Segment Open

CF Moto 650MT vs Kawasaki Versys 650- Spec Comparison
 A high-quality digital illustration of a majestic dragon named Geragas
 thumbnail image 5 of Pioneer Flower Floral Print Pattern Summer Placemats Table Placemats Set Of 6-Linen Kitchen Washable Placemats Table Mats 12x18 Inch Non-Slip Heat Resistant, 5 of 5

Segment Closed

### EXERCISE INSTRUCTIONS
Could you give the data again, word for word?

### COMPLETED TASK
CF Moto 650MT vs Kawasaki Versys 650- Spec Comparison
 A high-quality digital illustration of a majestic dragon named Geragas
 thumbnail image 5 of Pioneer Flower Floral Print Pattern Summer Placemats Table Placemats Set Of 6-Linen Kitchen Washable Placemats Table Mats 12x18 Inch Non-Slip Heat Resistant, 5 of 5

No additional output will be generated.